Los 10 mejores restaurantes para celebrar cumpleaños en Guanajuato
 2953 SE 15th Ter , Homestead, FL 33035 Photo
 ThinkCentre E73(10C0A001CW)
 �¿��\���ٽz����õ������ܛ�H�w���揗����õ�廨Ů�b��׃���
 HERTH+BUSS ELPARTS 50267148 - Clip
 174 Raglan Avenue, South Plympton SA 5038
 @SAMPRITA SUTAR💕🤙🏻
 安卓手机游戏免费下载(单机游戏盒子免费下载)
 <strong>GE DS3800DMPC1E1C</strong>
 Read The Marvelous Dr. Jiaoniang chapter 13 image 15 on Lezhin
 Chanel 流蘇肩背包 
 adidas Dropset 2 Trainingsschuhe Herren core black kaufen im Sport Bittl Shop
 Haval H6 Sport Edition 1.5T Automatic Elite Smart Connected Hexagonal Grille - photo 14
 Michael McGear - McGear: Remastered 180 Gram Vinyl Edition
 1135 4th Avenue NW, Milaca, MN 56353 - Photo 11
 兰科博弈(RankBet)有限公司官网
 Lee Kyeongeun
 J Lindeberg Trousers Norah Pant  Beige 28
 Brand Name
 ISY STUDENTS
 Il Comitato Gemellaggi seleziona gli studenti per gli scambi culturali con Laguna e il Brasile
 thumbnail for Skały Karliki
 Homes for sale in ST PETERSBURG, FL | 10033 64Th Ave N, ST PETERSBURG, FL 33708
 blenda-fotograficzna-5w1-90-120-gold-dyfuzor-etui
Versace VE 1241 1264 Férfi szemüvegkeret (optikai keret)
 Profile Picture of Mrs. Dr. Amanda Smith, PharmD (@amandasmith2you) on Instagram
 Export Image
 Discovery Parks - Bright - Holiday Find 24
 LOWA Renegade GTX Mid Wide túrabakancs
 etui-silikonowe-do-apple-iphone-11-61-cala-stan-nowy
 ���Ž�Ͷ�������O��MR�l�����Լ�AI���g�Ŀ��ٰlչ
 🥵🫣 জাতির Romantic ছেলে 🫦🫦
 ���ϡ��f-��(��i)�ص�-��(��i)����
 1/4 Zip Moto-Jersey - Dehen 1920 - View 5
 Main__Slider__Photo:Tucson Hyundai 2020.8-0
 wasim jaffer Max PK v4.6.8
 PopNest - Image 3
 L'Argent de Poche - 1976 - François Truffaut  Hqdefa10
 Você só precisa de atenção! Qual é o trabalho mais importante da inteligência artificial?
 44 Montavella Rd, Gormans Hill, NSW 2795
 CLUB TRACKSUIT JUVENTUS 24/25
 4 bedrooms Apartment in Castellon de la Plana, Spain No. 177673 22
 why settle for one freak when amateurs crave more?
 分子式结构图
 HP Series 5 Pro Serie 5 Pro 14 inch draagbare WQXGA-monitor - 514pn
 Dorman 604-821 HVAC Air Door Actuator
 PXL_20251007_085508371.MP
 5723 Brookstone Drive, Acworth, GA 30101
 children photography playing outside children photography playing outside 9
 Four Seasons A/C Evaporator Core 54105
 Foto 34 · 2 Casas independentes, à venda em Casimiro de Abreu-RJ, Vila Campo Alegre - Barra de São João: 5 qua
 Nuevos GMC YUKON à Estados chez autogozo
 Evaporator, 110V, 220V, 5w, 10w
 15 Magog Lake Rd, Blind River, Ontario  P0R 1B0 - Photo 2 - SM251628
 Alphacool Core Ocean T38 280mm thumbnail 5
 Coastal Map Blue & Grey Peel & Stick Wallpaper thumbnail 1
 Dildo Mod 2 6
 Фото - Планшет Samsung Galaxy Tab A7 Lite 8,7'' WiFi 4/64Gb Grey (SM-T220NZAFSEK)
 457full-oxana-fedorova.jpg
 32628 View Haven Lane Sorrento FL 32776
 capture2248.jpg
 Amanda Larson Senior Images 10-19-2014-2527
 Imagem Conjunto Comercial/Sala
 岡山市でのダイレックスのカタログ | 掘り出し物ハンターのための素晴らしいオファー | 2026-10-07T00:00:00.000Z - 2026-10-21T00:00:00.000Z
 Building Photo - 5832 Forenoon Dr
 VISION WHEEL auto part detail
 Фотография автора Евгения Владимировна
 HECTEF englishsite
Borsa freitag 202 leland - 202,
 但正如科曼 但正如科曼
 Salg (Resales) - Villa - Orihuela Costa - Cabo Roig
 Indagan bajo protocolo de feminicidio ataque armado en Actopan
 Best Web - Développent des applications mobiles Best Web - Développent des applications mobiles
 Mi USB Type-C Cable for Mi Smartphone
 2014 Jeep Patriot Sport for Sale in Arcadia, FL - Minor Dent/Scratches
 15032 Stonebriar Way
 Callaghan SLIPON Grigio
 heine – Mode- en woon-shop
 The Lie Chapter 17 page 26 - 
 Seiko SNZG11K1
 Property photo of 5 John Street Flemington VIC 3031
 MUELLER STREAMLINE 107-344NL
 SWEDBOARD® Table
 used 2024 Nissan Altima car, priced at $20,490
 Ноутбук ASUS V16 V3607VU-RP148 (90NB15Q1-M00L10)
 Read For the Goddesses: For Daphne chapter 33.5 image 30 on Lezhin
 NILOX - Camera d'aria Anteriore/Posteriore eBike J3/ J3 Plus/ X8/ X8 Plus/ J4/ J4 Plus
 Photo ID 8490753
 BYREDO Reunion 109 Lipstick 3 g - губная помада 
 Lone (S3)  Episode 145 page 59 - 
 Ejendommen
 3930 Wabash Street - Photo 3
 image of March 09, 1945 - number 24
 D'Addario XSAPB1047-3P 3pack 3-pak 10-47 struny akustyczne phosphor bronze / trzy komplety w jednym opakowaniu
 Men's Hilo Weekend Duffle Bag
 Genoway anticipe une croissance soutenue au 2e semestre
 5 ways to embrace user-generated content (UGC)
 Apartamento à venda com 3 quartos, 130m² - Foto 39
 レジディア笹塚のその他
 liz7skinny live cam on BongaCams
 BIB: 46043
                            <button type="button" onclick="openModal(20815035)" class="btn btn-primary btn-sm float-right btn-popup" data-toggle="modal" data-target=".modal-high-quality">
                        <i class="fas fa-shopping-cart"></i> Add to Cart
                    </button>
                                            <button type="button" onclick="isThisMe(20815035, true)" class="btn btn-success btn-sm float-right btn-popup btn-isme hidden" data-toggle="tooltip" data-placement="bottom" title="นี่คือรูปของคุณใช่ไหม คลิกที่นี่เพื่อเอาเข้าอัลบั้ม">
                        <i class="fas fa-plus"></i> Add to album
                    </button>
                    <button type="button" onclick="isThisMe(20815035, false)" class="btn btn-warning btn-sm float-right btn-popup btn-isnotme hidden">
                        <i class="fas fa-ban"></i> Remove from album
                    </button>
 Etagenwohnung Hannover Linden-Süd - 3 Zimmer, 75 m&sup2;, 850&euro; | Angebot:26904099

**Problem description:** Take the listing above from its first line through the line containing "thumbnail for Skały Karliki", and transcribe that stretch exactly, with no other lines.

**Response to this exercise:**
Los 10 mejores restaurantes para celebrar cumpleaños en Guanajuato
 2953 SE 15th Ter , Homestead, FL 33035 Photo
 ThinkCentre E73(10C0A001CW)
 �¿��\���ٽz����õ������ܛ�H�w���揗����õ�廨Ů�b��׃���
 HERTH+BUSS ELPARTS 50267148 - Clip
 174 Raglan Avenue, South Plympton SA 5038
 @SAMPRITA SUTAR💕🤙🏻
 安卓手机游戏免费下载(单机游戏盒子免费下载)
 <strong>GE DS3800DMPC1E1C</strong>
 Read The Marvelous Dr. Jiaoniang chapter 13 image 15 on Lezhin
 Chanel 流蘇肩背包 
 adidas Dropset 2 Trainingsschuhe Herren core black kaufen im Sport Bittl Shop
 Haval H6 Sport Edition 1.5T Automatic Elite Smart Connected Hexagonal Grille - photo 14
 Michael McGear - McGear: Remastered 180 Gram Vinyl Edition
 1135 4th Avenue NW, Milaca, MN 56353 - Photo 11
 兰科博弈(RankBet)有限公司官网
 Lee Kyeongeun
 J Lindeberg Trousers Norah Pant  Beige 28
 Brand Name
 ISY STUDENTS
 Il Comitato Gemellaggi seleziona gli studenti per gli scambi culturali con Laguna e il Brasile
 thumbnail for Skały Karliki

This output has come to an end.